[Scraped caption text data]
☆ ☆ ☆ ☆ ☆

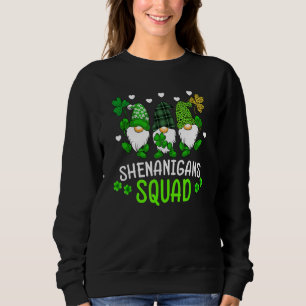 Shenanigans Squad St Patrick's Day Gnomes Green Fu Sweatshirt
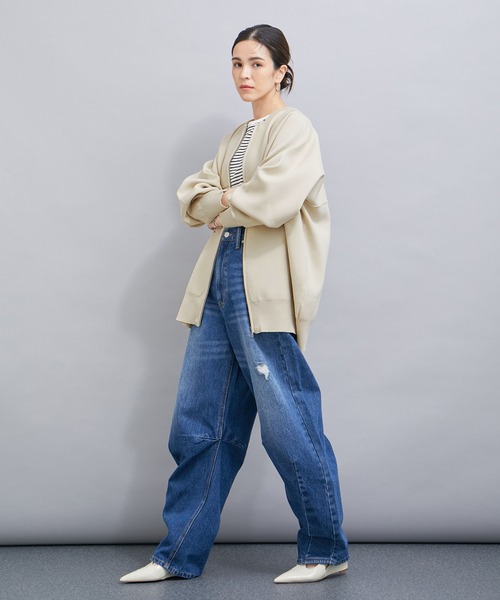 「LE CERCLE par rope'」 ジップアップブルゾン FREE キナリ レディース_画像7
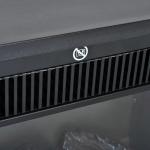 Elspis Elektrisk Öppen Spis Stående 600-1200 W Metall för Mysiga Kvällar Svart 34 X 17 X 31 Cm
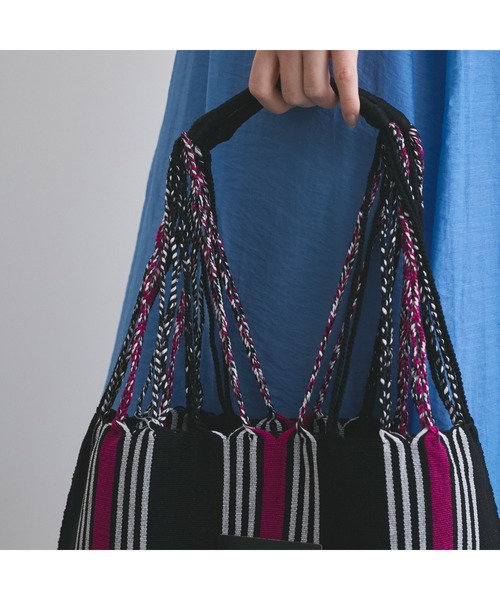 VICKY(ビッキー)の「ハンドメイドハンモックバッグ(トートバッグ・レディース・ブラック系その他/アイボリー/パープル系その他/イエロー系その他・FREE)」の17枚目の写真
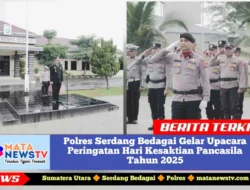 Polres Serdang Bedagai Gelar Upacara Peringatan Hari Kesaktian Pancasila Tahun 2025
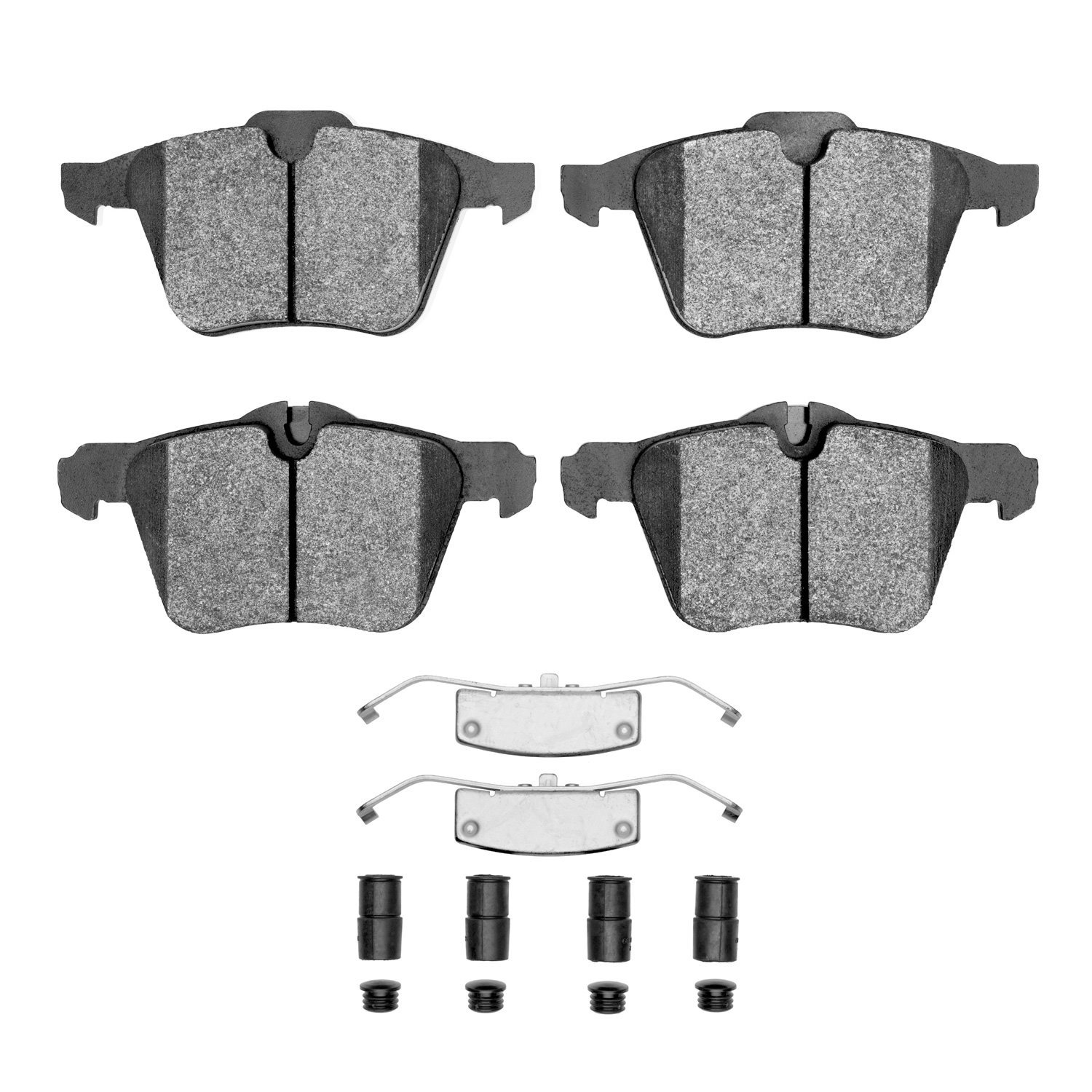 1552-1240-01 5000 Advanced Low-Metallic Brake Pads & Hardware Kit, 2009-2015 Jaguar, Position: Front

☆ ☆ ☆ ☆ ☆

## EXERCISE
Give an exact copy of the data, and omit any pictures it holds.

## EXERCISE RESULT
 Shenanigans Squad St Patrick's Day Gnomes Green Fu Sweatshirt
 「LE CERCLE par rope'」 ジップアップブルゾン FREE キナリ レディース_画像7
 Elspis Elektrisk Öppen Spis Stående 600-1200 W Metall för Mysiga Kvällar Svart 34 X 17 X 31 Cm
 VICKY(ビッキー)の「ハンドメイドハンモックバッグ(トートバッグ・レディース・ブラック系その他/アイボリー/パープル系その他/イエロー系その他・FREE)」の17枚目の写真
 Polres Serdang Bedagai Gelar Upacara Peringatan Hari Kesaktian Pancasila Tahun 2025
 1552-1240-01 5000 Advanced Low-Metallic Brake Pads & Hardware Kit, 2009-2015 Jaguar, Position: Front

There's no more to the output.